TASK PROMPT: Copy the records below exactly, starting at the line that contains "Used 2023 GMC" and ending at the line that contains "Soporte guía conducto"; leave out any pictures.

EXCERPTED DATA:
::::

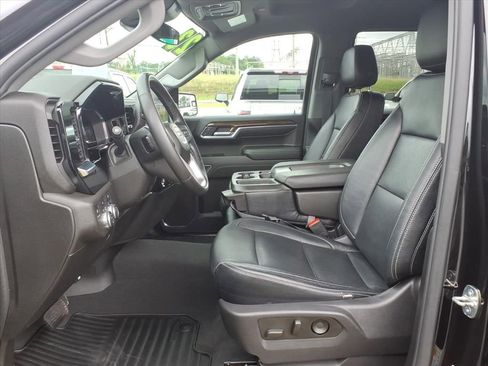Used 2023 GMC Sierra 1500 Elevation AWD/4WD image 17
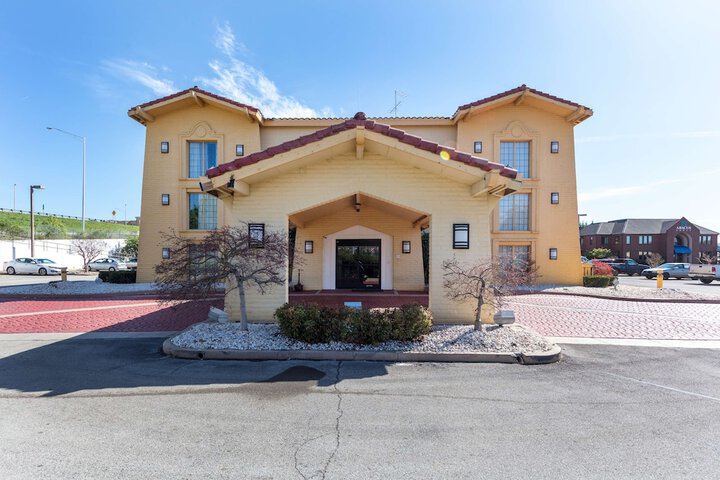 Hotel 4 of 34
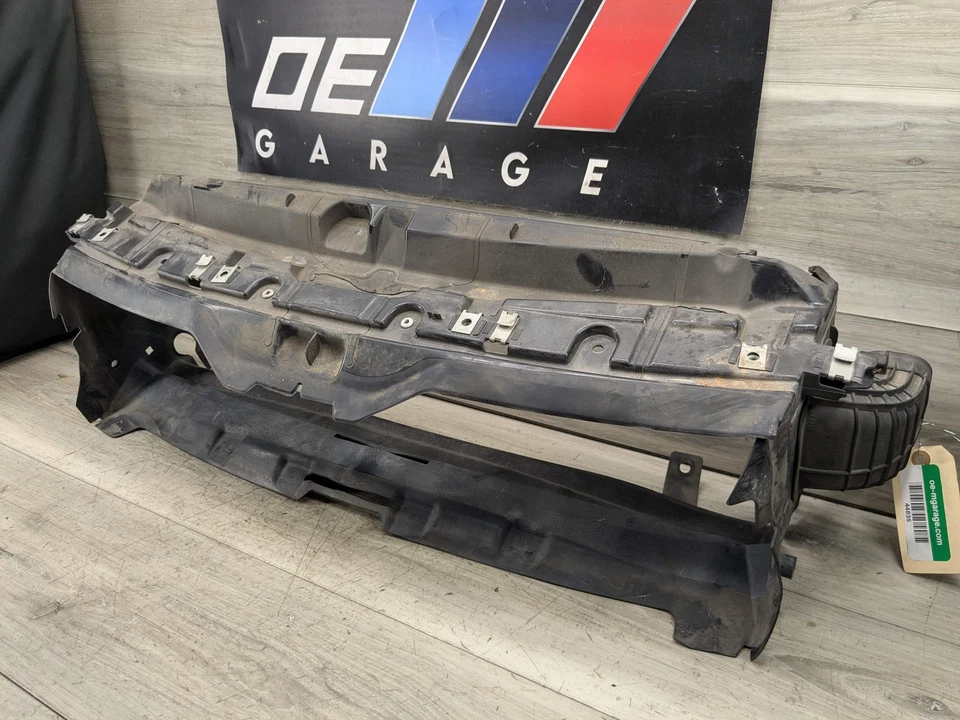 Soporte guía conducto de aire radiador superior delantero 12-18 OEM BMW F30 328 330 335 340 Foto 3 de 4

::::

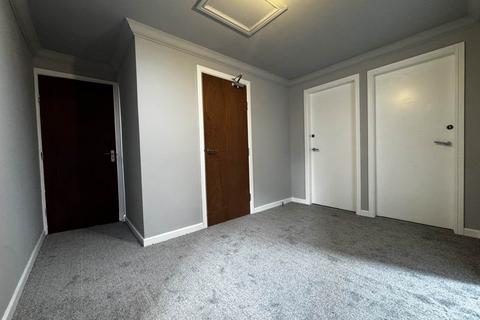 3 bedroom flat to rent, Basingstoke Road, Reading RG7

::::

ANSWER SECTION:
Used 2023 GMC Sierra 1500 Elevation AWD/4WD image 17
 Hotel 4 of 34
 Soporte guía conducto de aire radiador superior delantero 12-18 OEM BMW F30 328 330 335 340 Foto 3 de 4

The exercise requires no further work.